キャッシングローンへの返済が遅れたらローン業者から厳しい督促や取立を受けて、直ぐに給料が差し押さえられると思っていませんか?

確かに貸金業法が改正される以前では乱暴な行為もニュースで取り上げられ、ローンの利用に不安を感じているかもしれませんね。

しかし、貸金業登録を受けたローン業者は違法で乱暴な督促や取立は行われず、強制執行も裁判所の管理下で適正に行われるのです。

今回はそのような返済が遅れた時の督促から強制執行までの流れとその実態を紹介します。

業者の実際の督促・取立の内容、法的措置がとられた場合の裁判所を通じた督促から強制執行までの流れ、などを説明していきましょう。

違法で乱暴な回収を行うのは貸金業登録を受けていない悪徳業者

キャッシングローンの返済に遅れた場合、ローン事業者から乱暴な対応をされるのではと不安に思われる方も少なくないでしょう。

確かに一部のローン事業者の中には法律を無視した貸付金の回収を行うことがあり、時折ニュースで取り上げられることもありますね。

そうした違法な回収行為をする悪徳業者はたいてい貸金業登録受けていない業者であることが多いといわれています。
(⇒危険で怪しい消費者金融の見分け方

貸金業を行う場合にはその登録を受けることが法律で定められているので、登録がないこと自体が既に違法というわけです。

つまり、貸金業をやってはいけない者が貸付を行って、返済が遅れた時には違法で乱暴な回収行為しているということなのです。

例えば、返済が遅れると何回もしつこく電話、FAXやメールで督促する、督促する際には乱暴な言葉で脅す、など悪質な督促が行われます。

早朝や深夜に利用者の自宅に訪問し大声で返済を要求する、或いは職場まで押しかけて取立ようとする、などの違法な取立もあるのです。

また、利用者が返済できない場合に法的手続を取らずに利用者の給料や資産を勝手に差し押さえるといった行為に及ぶこともあります。

上記の内容を含め下表のような行為は違法なので、そうした行為を受けた場合は警察や金融庁に報告して対応してもらう必要がありますね。

表1:悪徳業者の違法な回収行為

悪徳業者の違法な回収行為
大声を出したり脅迫するような言葉を使ったりして暴力的な態度で回収を迫る
正当な理由なしに早朝や深夜に訪問したり、電話やFAXで連絡したりする。

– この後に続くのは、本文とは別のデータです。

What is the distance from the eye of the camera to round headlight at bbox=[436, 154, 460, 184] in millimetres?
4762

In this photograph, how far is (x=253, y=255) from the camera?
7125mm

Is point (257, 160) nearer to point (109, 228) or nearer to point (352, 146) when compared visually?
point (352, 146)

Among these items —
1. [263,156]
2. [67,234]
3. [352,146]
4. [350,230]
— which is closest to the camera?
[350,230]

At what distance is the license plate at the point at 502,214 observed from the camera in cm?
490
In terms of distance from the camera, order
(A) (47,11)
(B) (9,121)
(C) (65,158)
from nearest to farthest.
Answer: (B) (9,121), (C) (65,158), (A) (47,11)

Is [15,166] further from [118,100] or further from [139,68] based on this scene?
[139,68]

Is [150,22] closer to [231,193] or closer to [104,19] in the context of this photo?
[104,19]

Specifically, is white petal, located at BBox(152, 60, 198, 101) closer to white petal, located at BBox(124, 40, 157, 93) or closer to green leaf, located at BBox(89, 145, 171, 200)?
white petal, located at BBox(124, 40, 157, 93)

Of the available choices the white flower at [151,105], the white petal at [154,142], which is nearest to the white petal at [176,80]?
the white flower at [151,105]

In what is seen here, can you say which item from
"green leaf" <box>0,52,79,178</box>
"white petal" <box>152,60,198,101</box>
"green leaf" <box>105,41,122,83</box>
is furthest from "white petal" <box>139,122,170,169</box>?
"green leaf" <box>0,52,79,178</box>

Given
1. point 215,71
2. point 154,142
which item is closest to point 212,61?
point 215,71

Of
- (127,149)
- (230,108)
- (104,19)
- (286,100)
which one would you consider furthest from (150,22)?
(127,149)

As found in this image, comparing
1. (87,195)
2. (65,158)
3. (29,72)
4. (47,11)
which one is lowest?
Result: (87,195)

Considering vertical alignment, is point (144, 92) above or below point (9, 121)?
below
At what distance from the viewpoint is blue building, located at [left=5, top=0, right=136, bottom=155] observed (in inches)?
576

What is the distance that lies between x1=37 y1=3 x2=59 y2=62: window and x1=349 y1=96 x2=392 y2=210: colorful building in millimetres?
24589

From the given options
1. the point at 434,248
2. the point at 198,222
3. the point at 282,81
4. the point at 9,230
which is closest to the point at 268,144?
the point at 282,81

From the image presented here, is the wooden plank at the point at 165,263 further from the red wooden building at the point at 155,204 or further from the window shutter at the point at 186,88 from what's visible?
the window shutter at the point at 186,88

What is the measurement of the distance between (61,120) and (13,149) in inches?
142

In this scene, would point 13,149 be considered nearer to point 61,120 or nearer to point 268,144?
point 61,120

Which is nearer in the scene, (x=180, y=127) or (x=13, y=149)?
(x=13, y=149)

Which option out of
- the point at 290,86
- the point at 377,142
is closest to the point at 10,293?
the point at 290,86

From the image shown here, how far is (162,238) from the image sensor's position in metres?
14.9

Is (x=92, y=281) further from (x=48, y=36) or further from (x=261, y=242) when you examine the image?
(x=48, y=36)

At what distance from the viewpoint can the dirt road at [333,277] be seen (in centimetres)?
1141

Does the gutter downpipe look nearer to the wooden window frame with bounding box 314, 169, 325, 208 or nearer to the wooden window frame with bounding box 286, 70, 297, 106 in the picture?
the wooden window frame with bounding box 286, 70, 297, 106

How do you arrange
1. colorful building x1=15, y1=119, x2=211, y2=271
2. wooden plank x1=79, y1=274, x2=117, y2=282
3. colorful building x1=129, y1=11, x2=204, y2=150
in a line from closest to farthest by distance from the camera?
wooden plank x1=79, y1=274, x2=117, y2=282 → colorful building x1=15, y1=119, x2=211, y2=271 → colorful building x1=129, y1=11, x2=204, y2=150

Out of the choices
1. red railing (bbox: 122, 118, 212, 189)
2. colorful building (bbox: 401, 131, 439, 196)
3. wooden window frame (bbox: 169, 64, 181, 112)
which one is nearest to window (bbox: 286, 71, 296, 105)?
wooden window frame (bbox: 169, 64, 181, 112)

そうした行為を反復継続する
大勢で債務者(借手)の自宅を訪問する
玄関の扉や門などに貼紙をして借金の事実を第三者に示す。
他のローン業者から借金して返済することや、クレジットカードを利用し返済することを強要する
債務者の勤務先へ訪問して強引に回収を迫る
本人や保証人以外の支払義務のない第三者に借金の返済を強要する

登録貸金業者は法律に基づいた債権の督促、取立や強制執行を行う

ここではキャッシングローンの利用者が返済を遅らせた時に貸金業者がどのような対応しているかを紹介していきます。

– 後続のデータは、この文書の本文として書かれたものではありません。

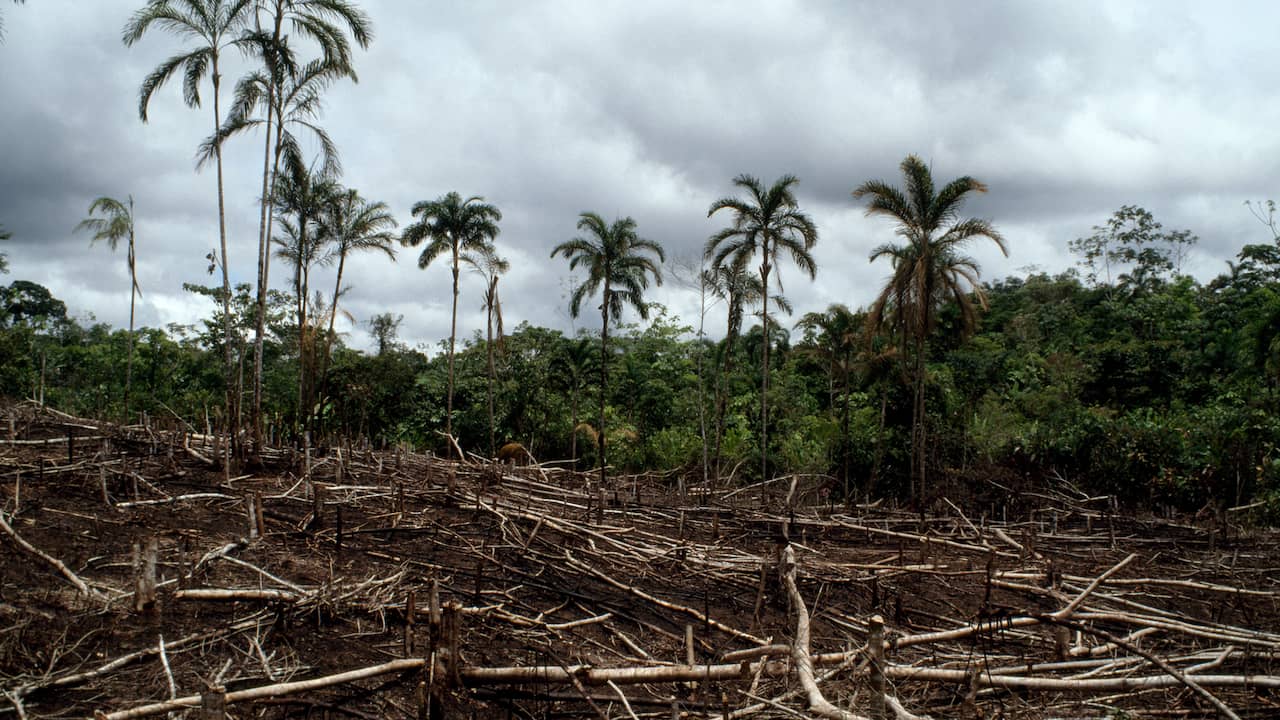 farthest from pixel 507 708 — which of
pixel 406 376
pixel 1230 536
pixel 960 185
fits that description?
pixel 406 376

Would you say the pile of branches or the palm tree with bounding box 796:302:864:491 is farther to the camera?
the palm tree with bounding box 796:302:864:491

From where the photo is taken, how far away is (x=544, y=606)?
6188 millimetres

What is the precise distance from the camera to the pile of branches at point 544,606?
4.34 metres

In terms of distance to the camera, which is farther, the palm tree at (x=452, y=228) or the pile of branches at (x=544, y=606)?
the palm tree at (x=452, y=228)

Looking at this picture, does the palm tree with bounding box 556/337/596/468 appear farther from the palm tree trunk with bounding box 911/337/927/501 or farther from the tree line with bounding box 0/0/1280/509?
the palm tree trunk with bounding box 911/337/927/501

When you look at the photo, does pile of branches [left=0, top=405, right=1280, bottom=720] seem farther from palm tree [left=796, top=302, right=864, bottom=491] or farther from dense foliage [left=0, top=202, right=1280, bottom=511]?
palm tree [left=796, top=302, right=864, bottom=491]

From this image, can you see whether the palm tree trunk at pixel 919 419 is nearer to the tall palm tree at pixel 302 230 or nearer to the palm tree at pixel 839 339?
the palm tree at pixel 839 339

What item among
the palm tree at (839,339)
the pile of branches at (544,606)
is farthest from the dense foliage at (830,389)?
the pile of branches at (544,606)

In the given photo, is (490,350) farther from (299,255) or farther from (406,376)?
A: (299,255)

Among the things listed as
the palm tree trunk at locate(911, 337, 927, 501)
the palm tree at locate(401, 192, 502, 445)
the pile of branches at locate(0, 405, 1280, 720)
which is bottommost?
the pile of branches at locate(0, 405, 1280, 720)

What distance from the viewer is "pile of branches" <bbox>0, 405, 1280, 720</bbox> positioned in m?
4.34

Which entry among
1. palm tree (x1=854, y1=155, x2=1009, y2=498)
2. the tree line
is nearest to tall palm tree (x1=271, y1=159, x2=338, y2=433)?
the tree line

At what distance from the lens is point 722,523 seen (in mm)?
10016

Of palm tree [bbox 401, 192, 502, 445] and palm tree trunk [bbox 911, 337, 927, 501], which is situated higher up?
palm tree [bbox 401, 192, 502, 445]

督促や取立がどのように行われているのか、どのような強制執行が実施されているのか、といった貸金業者の対応を確認していきましょう。

登録貸金業者の貸付金(債権)の督促と取立の仕方

悪徳業者以外の正規の登録貸金業者が返済を遅らせている債務者(借手)に対してどのように貸付金を回収するのかを確認してみましょう。

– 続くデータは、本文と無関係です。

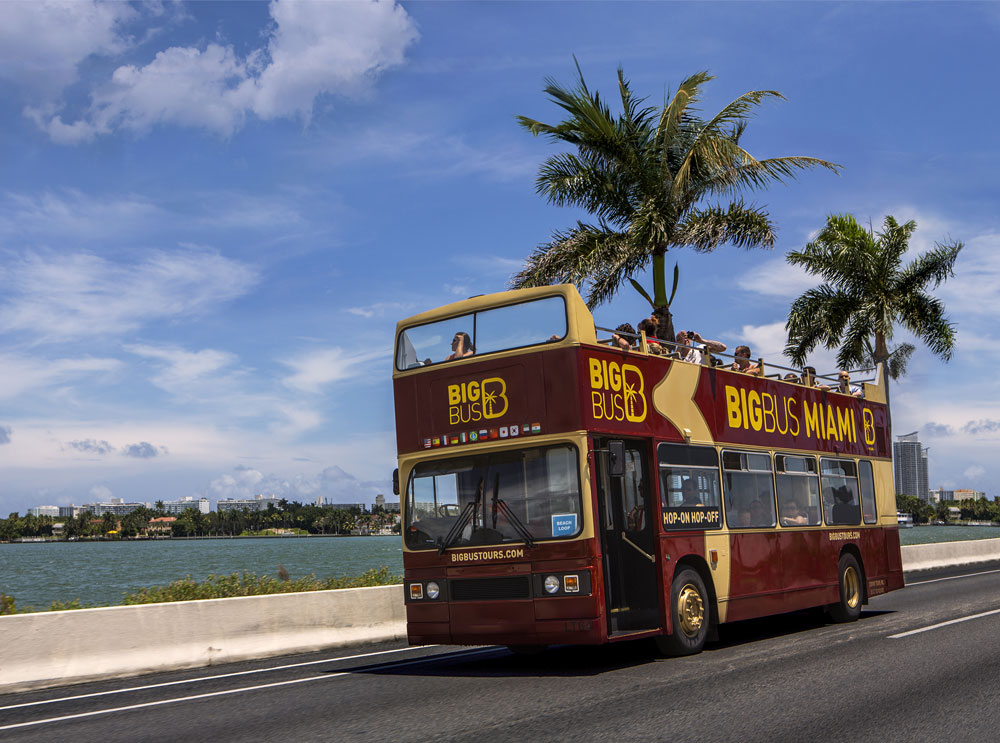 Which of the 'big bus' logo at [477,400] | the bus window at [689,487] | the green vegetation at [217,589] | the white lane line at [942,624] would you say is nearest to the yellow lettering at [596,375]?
the 'big bus' logo at [477,400]

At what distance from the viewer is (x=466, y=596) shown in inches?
423

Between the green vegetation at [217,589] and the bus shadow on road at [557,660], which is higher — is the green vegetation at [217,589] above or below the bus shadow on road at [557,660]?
above

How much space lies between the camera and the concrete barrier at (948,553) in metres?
28.6

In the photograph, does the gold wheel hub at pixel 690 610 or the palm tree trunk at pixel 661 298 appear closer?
the gold wheel hub at pixel 690 610

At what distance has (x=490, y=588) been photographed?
34.7ft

利用者が返済期日に支払わなかった場合、大手の事業者は通常翌日から3日以内には電話やメールで確認しようとします。

最近では直接債務者に電話せずにまずはメールで本人から電話をかけてもらえるように依頼するケースもありますね。

電話をかける場合、返済期日から5日くらいまでは通常債務者の携帯電話へ連絡することが多いでしょう。

しかし、それ以上経過してくると自宅や職場へ電話をかけるケースもでてきますね。

ただし、事業者が債務者の自宅や職場へ電話をかけるときは法律に基づき事業者名を出さず個人名でかけています。

電話の内容は主に、いつまでに返済できるのかという確認、遅延利息を含めた返済額の連絡、返済できない場合の相談、などになるでしょう。

つまり、「すぐ支払え!」といった単純な督促の電話ではなく、遅延の確認から相談までを目的とした確認の電話といえそうです。

利用者と連絡がつかない場合などは返済期日から1週間程度は1日3回くらいまで携帯電話や自宅の電話に連絡が入るといわれています。

ただし、中小事業者の場合は、電話の回数が多くかなり厳しい口調の督促が行われることもあるようですね。

また、電話やメールでの確認を継続している場合でも事業者は返済と連絡を求めるための督促書を利用者へ送付します。

さらに1カ月も利用者からの入金や連絡がない場合には、事業者によっては利用者の自宅へ訪問することもあるでしょう。

しかし、法律を遵守する登録貸金業者なら大人数で訪問して大声で取り立てるような違法な行為を行うことはまりません。

また、その時期には事業者は最後通告といえるような催告書をその利用者へ送付し、法的措置による解決の意志を伝えることが多いですね。

そして、それでも入金や回答がない場合は貸付金の回収に向けた法的手続きに入るわけです。

ただし、悪徳業者と違って登録貸金業者は法的手続きによらない強制執行としての資産や給料の差し押さえをすることはありませんね。

  • 未納の場合返済期日から1週間は1日3回ほど電話連絡の可能性あり
  • 法律に則した電話やメール以外に督促状の送付や自宅訪問もある
  • 登録貸金業者は大人数の訪問や乱暴な取立を行わない
  • 登録貸金業者は法的手続によらない強制執行は行わない

書面による督促もある!貸金業者からの督促状と催告書とは

既に確認しましたが、貸金業者は返済が遅れている利用者に対して電話やメールでの連絡のほかに書面で督促するという方法も取ります。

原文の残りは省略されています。